Richard Milhous Nixon (January 9, 1913 – April 22, 1994) was the 37th President of the United States, serving from 1969 to 1974 when he became the only U.S. president to resign the office. Nixon had previously served as a U.S. representative and senator from California and as the 36th Vice President of the United States from 1953 to 1961.
Nixon was born in Yorba Linda, California. After completing his undergraduate work at Whittier College, he graduated from Duke University School of Law in 1937 and returned to California to practice law. He and his wife, Pat Nixon, moved to Washington to work for the federal government in 1942. He subsequently served in the United States Navy during World War II. Nixon was elected to the House of Representatives in 1946 and to the Senate in 1950. His pursuit of the Hiss Case established his reputation as a leading anti-communist, and elevated him to national prominence. He was the running mate of Dwight D. Eisenhower, the Republican Party presidential nominee in the 1952 election. Nixon served for eight years as vice president. He waged an unsuccessful presidential campaign in 1960, narrowly losing to John F. Kennedy, and lost a race for Governor of California in 1962. In 1968 he ran again for the presidency and was elected.
Although Nixon initially escalated the war in Vietnam, he subsequently ended the U.S. involvement in 1973, along with the military draft. Nixon's visit to the People's Republic of China in 1972 opened diplomatic relations between the two nations, and he initiated détente and the Anti-Ballistic Missile Treaty with the Soviet Union the same year. His administration generally transferred power from Washington to the states. He imposed wage and price controls, enforced desegregation of Southern schools and established the Environmental Protection Agency. Nixon also presided over the Apollo 11 moon landing which signaled the end of the moon race. He was reelected by one of the largest landslides in U.S. history in 1972.

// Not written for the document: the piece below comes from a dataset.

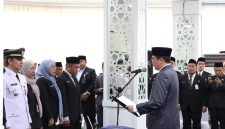 Bupati Tanah Bumbu Andi Rudi Latif melantik Pejabat Administrator dan Pengawas di lingkungan Pemerintah Kabupaten Tanah Bumbu di Kantor Bupati Batulicin, Rabu (01/07/2026).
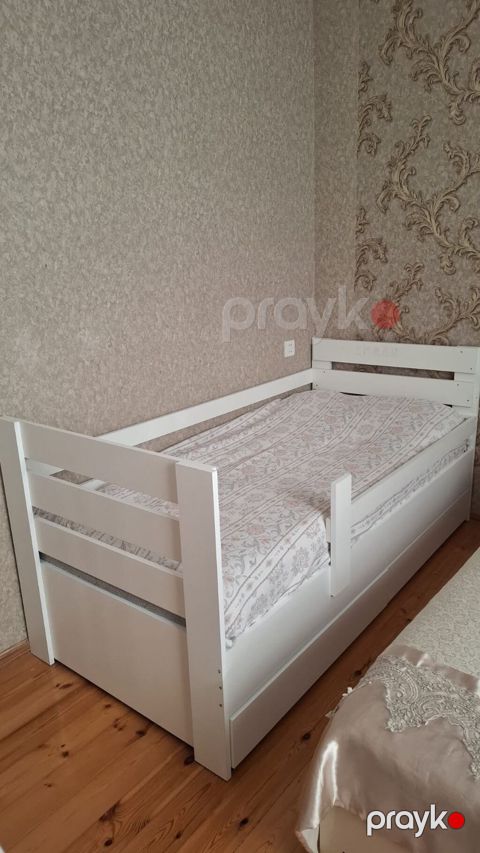Çarpayi satilir Matras daxil Qiymet 200 man Alti siyirmeli — Bakı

The year 1973 saw an Arab oil embargo and a continuing series of revelations about the Watergate scandal. The scandal escalated, costing Nixon much of his political support, and on August 9, 1974, he resigned in the face of almost certain impeachment and removal from office. After his resignation, he was issued a pardon by his successor, Gerald Ford. In retirement, Nixon's work authoring several books and undertaking of many foreign trips helped to rehabilitate his image. He suffered a debilitating stroke on April 18, 1994, and died four days later at the age of 81. Nixon remains a source of considerable interest among historians.